• **Task directions**
The lines to extract begin at the line that contains "内装です☆納車前にクリーニングも実施致します☆" and run through the last line of the listing; reproduce them exactly, minus any pictures.
*** The data ***
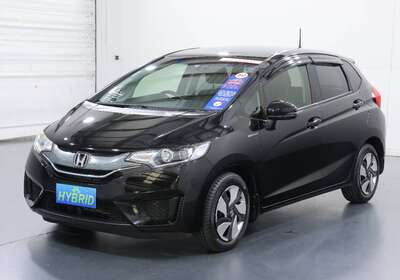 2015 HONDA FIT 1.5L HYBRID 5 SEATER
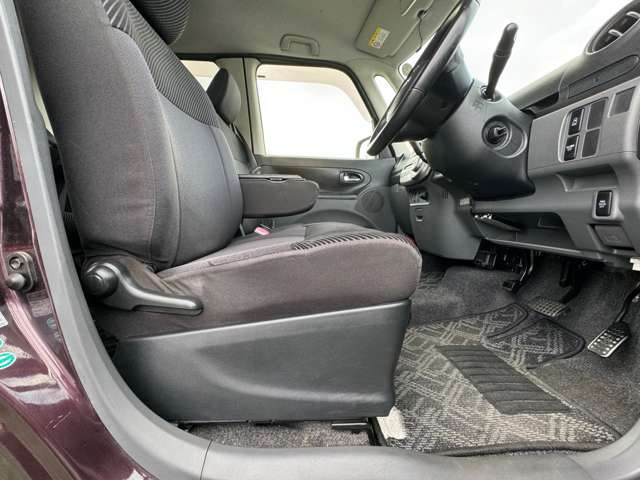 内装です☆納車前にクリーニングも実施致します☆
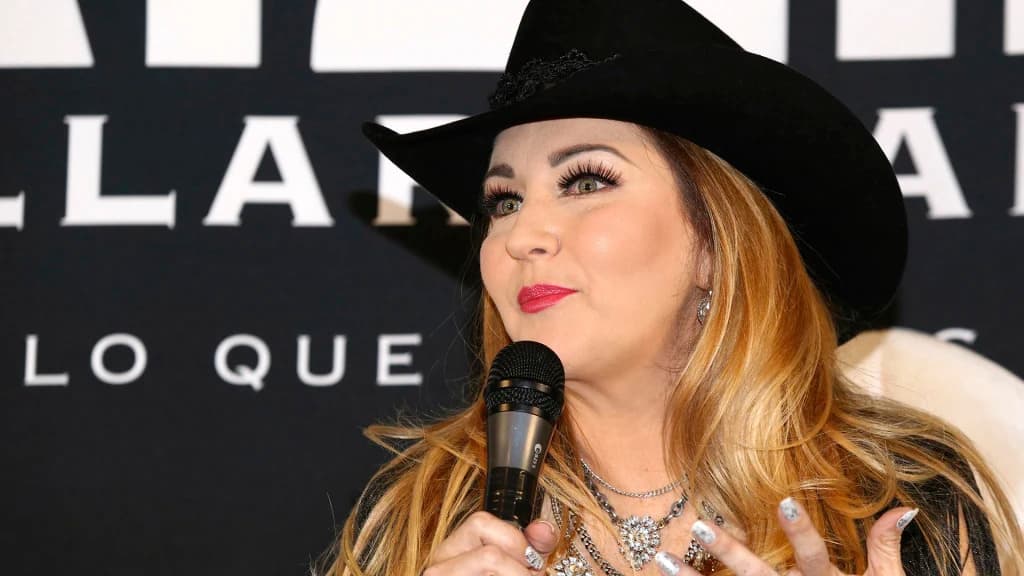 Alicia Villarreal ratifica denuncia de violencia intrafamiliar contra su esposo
***
• **Exercise answer**
 内装です☆納車前にクリーニングも実施致します☆
 Alicia Villarreal ratifica denuncia de violencia intrafamiliar contra su esposo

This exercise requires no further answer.